Dalla spuma bionda alla spuma nera di Spumador

Spumador

Ma sulle tavole italiane c’era anche un’altra spuma in circolazione: la spuma nera (prodotta anche dalla Paoletti sì). Viene dallo stabilimento di Spumador, società attiva nella produzione di gazzosa e aperta nel 1888 con le prime bibite a Cermenate, in provincia di Como. È il 1938 quando, stando a quanto riportato, viene prodotta la prima spuma nera, detta anche “Spuma tipo 1938” per via dell’anno di produzione, che nel tempo arriverà anche sui mercati della grande distribuzione. Spumador produce anche la spuma bionda (che loro chiamano “bianca”) ma nel tempo rimarrà riconoscibile – anche dopo la vendita a gruppo più grandi di bibite e, di recente, con risvolti piuttosto sinistri – proprio per la spuma nera i cui aromi sono conferiti da una miscela di 10 erbe diverse. Chiaramente, segretissime. Si posizionava allora come oggi sul mercato come il diretto concorrente del chinotto, con cui condivide il colore e, parzialmente, anche il gusto.

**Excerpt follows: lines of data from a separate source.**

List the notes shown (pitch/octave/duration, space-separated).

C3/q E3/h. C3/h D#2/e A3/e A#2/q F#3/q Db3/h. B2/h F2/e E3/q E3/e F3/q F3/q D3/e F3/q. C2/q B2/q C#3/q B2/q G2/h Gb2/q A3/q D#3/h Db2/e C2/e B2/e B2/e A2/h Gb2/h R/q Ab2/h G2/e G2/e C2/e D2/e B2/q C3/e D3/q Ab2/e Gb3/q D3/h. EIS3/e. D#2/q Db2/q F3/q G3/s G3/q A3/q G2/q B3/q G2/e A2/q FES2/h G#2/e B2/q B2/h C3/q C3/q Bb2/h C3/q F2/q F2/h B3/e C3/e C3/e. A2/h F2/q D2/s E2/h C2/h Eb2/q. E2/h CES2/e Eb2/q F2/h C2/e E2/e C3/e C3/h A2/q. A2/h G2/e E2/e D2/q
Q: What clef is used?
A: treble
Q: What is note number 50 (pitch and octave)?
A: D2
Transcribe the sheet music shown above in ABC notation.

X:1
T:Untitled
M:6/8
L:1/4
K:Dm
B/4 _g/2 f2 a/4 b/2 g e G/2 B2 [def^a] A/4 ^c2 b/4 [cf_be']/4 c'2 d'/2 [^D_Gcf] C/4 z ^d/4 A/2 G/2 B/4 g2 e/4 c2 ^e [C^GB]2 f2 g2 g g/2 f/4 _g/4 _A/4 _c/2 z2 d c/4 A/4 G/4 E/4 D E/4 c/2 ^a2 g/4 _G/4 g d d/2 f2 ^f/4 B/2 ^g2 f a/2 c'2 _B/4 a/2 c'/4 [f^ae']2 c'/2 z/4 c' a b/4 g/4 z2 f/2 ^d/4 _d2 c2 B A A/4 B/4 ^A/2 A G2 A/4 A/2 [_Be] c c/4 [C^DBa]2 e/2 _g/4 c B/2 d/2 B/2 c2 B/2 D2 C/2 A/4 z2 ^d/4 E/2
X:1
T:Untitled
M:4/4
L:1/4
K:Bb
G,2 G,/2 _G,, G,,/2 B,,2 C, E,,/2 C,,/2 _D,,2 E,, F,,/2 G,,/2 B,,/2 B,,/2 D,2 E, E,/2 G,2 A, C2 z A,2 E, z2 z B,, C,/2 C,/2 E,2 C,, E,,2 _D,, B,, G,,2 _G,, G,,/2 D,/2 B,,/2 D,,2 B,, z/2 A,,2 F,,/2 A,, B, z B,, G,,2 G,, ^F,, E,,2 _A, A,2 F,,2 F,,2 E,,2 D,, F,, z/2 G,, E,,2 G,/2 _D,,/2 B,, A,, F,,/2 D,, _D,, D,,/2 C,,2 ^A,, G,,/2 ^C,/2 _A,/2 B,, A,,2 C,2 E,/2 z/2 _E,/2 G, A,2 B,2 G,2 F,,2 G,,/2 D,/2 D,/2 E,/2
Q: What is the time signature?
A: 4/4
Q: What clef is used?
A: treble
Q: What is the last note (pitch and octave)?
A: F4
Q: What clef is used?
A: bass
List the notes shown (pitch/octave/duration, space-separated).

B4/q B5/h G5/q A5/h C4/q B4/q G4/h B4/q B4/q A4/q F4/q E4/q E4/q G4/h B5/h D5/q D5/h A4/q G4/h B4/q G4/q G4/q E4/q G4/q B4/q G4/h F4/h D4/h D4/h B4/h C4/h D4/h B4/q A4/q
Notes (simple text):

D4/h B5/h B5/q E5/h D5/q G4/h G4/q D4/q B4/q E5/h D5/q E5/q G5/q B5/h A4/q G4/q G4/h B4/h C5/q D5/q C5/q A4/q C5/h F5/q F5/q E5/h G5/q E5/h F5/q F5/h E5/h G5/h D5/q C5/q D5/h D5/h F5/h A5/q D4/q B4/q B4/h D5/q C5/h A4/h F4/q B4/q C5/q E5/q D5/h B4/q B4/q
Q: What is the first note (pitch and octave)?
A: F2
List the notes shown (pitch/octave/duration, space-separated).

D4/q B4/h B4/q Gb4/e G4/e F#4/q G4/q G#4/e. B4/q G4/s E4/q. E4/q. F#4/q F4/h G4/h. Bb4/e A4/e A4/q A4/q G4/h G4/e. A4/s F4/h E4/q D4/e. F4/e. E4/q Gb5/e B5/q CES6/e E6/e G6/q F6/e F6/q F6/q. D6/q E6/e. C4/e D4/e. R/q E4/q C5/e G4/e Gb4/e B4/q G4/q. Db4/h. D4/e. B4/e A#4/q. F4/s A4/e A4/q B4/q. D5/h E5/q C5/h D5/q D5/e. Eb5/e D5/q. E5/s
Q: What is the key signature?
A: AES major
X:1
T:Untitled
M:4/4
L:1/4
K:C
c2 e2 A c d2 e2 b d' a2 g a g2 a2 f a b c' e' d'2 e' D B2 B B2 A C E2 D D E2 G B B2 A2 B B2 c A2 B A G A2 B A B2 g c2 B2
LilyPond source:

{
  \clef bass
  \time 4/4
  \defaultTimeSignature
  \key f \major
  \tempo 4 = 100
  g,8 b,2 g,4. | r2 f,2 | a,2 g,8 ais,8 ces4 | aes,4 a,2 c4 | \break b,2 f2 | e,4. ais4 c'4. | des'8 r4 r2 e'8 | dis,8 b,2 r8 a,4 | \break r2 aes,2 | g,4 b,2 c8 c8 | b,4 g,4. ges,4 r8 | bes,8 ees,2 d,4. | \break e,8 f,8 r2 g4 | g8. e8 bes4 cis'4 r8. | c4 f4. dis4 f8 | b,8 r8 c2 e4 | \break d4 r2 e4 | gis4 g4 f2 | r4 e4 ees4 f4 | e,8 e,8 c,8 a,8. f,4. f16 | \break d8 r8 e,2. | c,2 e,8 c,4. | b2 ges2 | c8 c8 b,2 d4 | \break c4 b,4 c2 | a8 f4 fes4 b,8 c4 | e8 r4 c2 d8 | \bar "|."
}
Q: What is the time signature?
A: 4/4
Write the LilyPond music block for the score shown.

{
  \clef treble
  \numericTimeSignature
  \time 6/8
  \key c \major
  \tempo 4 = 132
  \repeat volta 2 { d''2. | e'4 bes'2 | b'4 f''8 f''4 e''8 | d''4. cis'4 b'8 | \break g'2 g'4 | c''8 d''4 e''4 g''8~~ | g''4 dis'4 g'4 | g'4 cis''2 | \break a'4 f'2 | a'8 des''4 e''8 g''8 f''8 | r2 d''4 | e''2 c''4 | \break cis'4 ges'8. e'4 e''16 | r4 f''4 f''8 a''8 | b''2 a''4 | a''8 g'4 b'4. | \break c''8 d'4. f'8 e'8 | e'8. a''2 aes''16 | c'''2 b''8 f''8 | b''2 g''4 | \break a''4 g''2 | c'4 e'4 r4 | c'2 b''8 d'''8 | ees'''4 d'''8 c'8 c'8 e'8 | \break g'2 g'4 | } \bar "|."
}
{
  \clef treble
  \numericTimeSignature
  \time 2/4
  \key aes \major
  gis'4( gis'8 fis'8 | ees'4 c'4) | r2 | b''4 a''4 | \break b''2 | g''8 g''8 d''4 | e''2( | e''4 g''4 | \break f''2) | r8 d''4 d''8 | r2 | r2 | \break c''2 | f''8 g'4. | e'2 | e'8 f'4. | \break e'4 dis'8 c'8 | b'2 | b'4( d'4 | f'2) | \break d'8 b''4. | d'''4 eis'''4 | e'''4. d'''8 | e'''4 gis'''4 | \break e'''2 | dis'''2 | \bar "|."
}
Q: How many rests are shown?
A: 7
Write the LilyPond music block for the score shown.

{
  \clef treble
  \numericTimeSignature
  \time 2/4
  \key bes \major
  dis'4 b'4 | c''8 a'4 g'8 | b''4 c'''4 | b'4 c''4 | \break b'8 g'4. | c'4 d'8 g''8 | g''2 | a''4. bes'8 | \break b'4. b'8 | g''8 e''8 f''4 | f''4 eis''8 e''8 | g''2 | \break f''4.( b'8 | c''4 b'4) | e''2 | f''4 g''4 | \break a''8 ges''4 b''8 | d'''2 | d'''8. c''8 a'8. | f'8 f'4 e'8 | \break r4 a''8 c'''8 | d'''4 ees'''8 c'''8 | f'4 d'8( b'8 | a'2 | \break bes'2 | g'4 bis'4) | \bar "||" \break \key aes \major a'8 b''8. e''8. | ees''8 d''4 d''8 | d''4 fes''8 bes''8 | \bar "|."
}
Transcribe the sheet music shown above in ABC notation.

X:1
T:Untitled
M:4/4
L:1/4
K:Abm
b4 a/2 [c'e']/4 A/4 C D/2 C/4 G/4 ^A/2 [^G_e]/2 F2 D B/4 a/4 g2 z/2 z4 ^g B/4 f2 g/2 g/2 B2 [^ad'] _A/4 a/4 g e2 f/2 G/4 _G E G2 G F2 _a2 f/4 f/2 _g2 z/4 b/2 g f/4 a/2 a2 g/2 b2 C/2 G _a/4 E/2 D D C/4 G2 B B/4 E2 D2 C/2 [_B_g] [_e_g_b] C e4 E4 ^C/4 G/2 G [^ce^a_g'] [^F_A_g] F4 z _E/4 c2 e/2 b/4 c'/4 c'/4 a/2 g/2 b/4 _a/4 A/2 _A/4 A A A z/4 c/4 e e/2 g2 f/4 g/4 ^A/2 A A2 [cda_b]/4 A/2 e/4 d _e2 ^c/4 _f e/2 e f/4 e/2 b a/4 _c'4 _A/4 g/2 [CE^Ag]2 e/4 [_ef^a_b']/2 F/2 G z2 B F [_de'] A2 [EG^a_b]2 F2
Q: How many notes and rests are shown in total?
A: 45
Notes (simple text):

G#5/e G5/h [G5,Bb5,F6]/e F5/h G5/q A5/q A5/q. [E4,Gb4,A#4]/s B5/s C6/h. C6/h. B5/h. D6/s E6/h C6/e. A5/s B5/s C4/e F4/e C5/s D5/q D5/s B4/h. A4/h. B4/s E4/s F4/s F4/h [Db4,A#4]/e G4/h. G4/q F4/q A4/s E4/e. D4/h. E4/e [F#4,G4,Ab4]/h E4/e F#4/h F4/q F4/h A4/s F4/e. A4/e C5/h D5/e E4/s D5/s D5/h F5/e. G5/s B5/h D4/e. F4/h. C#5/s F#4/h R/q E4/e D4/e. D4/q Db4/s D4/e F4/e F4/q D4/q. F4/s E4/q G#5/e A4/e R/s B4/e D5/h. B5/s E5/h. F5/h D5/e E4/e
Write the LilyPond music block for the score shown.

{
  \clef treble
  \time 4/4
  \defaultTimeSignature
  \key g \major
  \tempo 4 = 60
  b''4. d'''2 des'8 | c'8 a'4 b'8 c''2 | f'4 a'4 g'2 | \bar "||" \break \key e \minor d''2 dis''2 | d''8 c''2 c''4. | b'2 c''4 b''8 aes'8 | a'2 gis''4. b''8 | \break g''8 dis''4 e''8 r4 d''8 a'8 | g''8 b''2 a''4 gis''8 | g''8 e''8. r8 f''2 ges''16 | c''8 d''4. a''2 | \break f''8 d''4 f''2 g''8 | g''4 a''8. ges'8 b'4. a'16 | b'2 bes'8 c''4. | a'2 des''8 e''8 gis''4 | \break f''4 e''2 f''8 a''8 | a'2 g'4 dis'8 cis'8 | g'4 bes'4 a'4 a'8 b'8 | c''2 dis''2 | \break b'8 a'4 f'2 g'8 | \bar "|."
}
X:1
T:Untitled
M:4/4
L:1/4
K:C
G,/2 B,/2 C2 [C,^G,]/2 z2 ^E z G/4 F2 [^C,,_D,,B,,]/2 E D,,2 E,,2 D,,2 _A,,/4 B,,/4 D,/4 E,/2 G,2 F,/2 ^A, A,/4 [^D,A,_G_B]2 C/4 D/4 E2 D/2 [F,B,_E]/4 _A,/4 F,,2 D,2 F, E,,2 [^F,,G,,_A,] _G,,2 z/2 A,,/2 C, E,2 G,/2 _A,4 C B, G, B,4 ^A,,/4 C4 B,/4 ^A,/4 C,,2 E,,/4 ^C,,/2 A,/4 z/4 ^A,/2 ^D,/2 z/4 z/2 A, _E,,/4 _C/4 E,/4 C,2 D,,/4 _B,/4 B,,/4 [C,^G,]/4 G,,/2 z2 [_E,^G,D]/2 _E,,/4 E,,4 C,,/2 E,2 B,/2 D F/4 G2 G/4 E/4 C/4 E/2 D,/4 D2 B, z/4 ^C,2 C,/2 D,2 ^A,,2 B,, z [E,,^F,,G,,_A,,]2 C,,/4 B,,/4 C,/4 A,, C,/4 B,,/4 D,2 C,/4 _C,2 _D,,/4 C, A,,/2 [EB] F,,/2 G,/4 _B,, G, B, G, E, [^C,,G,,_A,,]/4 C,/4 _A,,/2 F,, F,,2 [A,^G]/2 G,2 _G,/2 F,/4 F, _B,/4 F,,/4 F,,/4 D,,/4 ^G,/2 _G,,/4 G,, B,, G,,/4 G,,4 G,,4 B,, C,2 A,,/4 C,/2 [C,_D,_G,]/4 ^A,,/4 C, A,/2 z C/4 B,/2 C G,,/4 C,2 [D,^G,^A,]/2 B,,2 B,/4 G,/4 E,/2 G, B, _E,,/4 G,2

Dalla spuma storica alla spuma di oggi: i marchi

Nonostante la nascita nella Marche e la conoscenza a livello territoriale, sono due le regioni in italiane dove la spuma si è particolarmente diffusa ed è stata tanto amata: la Toscana e la Sicilia. Non a caso da qui arrivano anche interpretazioni contemporanee della spuma all’italiana. È il caso della siciliana Polara, che fa la spuma con l’estratto naturale di radice di rabarbaro, fiori di sambuco, chiodi di garofano, caramello e aromi, che suggerisce di abbinare allo street food siculo. Altro caso, sempre dalla Sicilia, è Tomarchio, che produce diversi tipi di bevande gassate, tra cui anche la spuma sia in plastica che in vetro. Terzo caso dall’isola, anche Bona Bibite, che fa spuma sia bionda che nera da mischiare col vino, per i nostalgici, o da bere insieme alle panelle.

E andando oltre i grandi marchi che fanno la Spuma (tra cui anche San Pellegrino e Plose) il birrificio Baladin ha prodotto una sua versione della spuma nera con radice di rabarbaro infuso di scorza di arancia e vaniglia. Anche il gruppo che produce acque di montagna, Maniva, ha una sua versione – della spuma bionda però - dove gli ingredienti vengono miscelati con acqua minerali di montagna. Ci sono poi le spume del Papini, per arrivare in Toscana, con acque del Parco Naturale della Val d’Orcia e “antica ricetta”. Chissà che non sia il tempo – visto che si parla così tanto di bibite analcoliche - per un ritorno della spuma all’italiana. Ogni tanto, al bancone, si potrebbe provare a ordinarla di nuovo.